Dramatic situations appear at every turn of this man’s life. He seems to have been continually arriving on the scene at critical moments, and always with the good sense to take things in his own hands. The chance of learning telegraphy only gave him a chance to show how apt a pupil he was, and the railroad company soon gave him regular employment. At seventeen, he had become one of the most expert operators on the road.

“Did you make much use of your inventive talent at this time?” I questioned.

“Yes,” he answered. “I invented an automatic attachment for my telegraph instrument which would send in the signal to show I was awake at my post, when I was comfortably snoring in a corner. I didn’t do much of that, though,” he went on; “for some such boyish trick sent me in disgrace over the line into Canada.”

“Were you there long?”

“Only a winter.
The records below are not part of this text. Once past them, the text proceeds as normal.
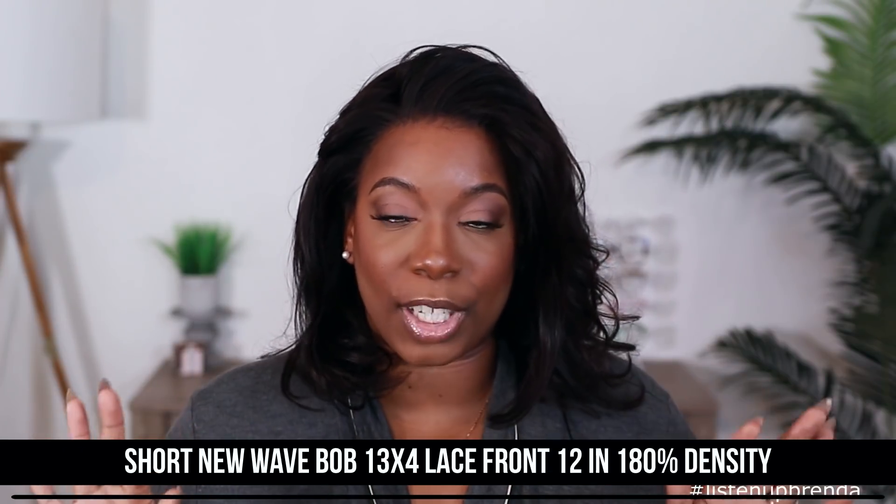So like I said, this unit comes to us from Sunbar Hair. All the specs for this unit are right here on the screen, so if you wanna check it out for yourself you definitely can. As y'all saw in my install, I did have to do some work to this unit to get it to my liking — especially when it came to the hairline. This hairline wasn't really giving natural in my opinion; it wasn't giving me pre-plucked, so I had to go in and pluck it up.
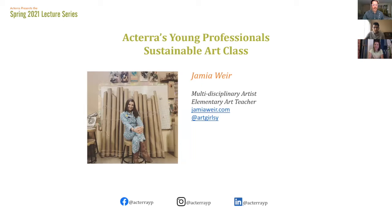We're going to hand it off to our artist for tonight leading this workshop. Jamie Weir is a multidisciplinary artist and elementary art teacher in Los Angeles. She received an MA of Art Education from Maryland Institute College of Art in 2014. Her thesis work about arts integration and eco-art education was published in 2016 in the National Journal of Art Education. She was an artist in residence at the Vermont Studio Center in 2017 and recently at the historic Berkley Arts Colony in Woodstock, New York. Thank you so much for being here today — please feel free to take it away.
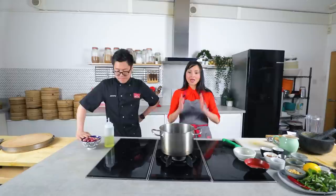Okay, so we'll pop them in till they're crispy. So what are we going to do next? We're going to start making the wet paste and the dry spices.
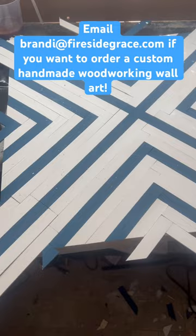This one is already claimed, but if anyone else would like custom wall art, we can work on a color together. Get me an email at brandy at firesidegrace.com. We can talk about it. Bye.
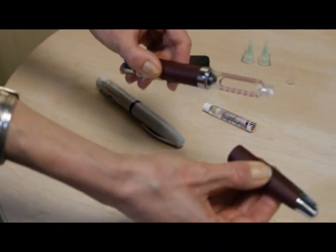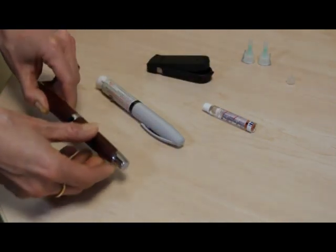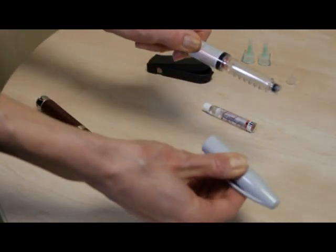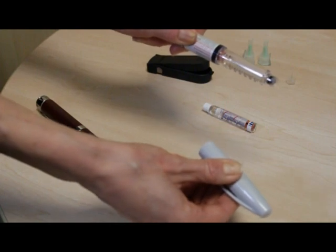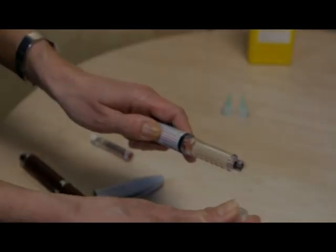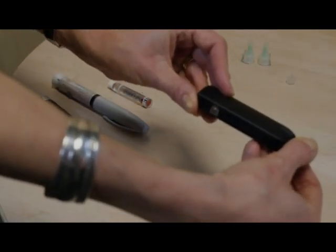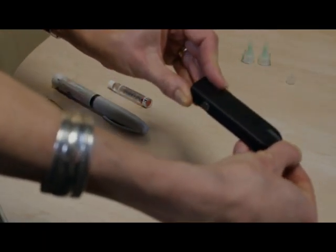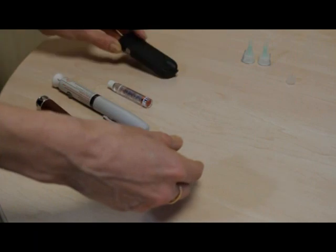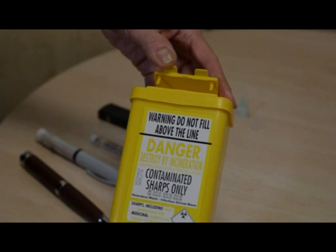A typical injecting kit consists of an insulin pen, which might be a reusable one or a disposable one. In a disposable pen, the insulin comes as an integral part of it. In a reusable pen, you'll need to fit an insulin cartridge separately. There will also be a needle that fits on to the end of the pen. It's really important that you dispose of all the sharps very safely. You can either use a needle clipper which clips off the sharp point of the needle and stores it safely inside, or there's also a sharps bin where you can throw the entire needle away.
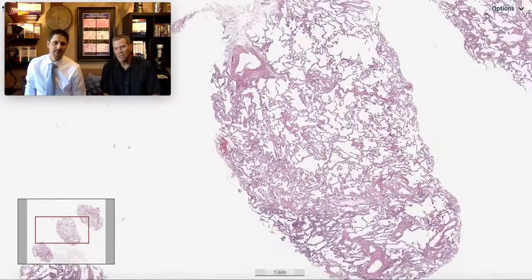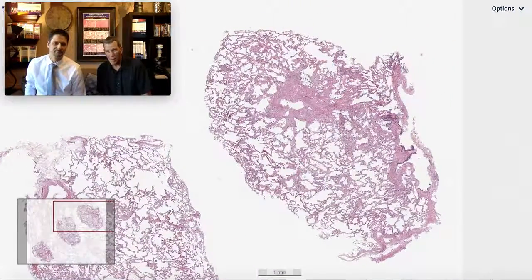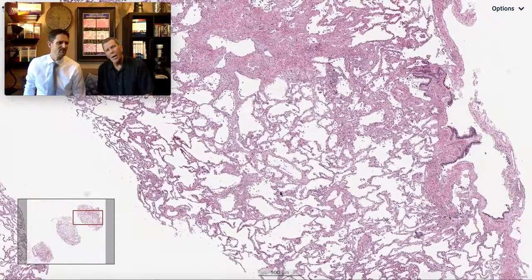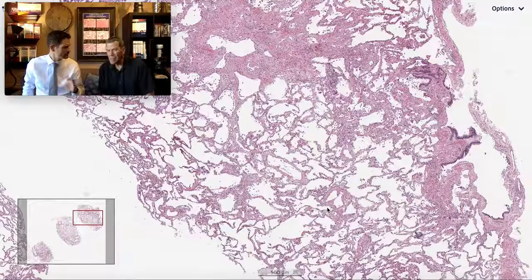This biopsy doesn't have a whole lot to my eye at low magnification. There's an artery there that looks a little prominent. But what about here? You get this very subtle change to the interstitium — interstitial fibrosis — and it's kind of diffuse.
If it’s incident you want, I can tell you one of that time. The place where I was and Sarnier, the American town, were cut off from telegraphic and other means of communication by the storms, until I got at a locomotive whistle and tooted a telegraphic message. I had to do it again and again, but eventually they understood over the water and answered in the same way.”

According to his own and various recorded accounts, Edison was successively in charge of important wires in Memphis, Cincinnati, New Orleans, and Louisville. He lived in the free-and-easy atmosphere of the tramp operators—a boon companion with them, yet absolutely refusing to join in the dissipations to which they were addicted. So highly esteemed was he for his honesty, that it was the custom of his colleagues, when a spree was on hand, to make him the custodian of those funds which they felt obliged to save. On a more than usually hilarious occasion, one of them returned rather the worse for wear, and knocked the treasurer down on his refusal to deliver the trust money; the other depositors, we may be glad to note, gave the ungentlemanly tippler a sound thrashing.

HIS USE OF MONEY

“Were you good at saving your own money?” I asked.

“No,” he said, smiling. “I never was much for saving money, as money. I devoted every cent, regardless of future needs, to scientific books and materials for experiments.”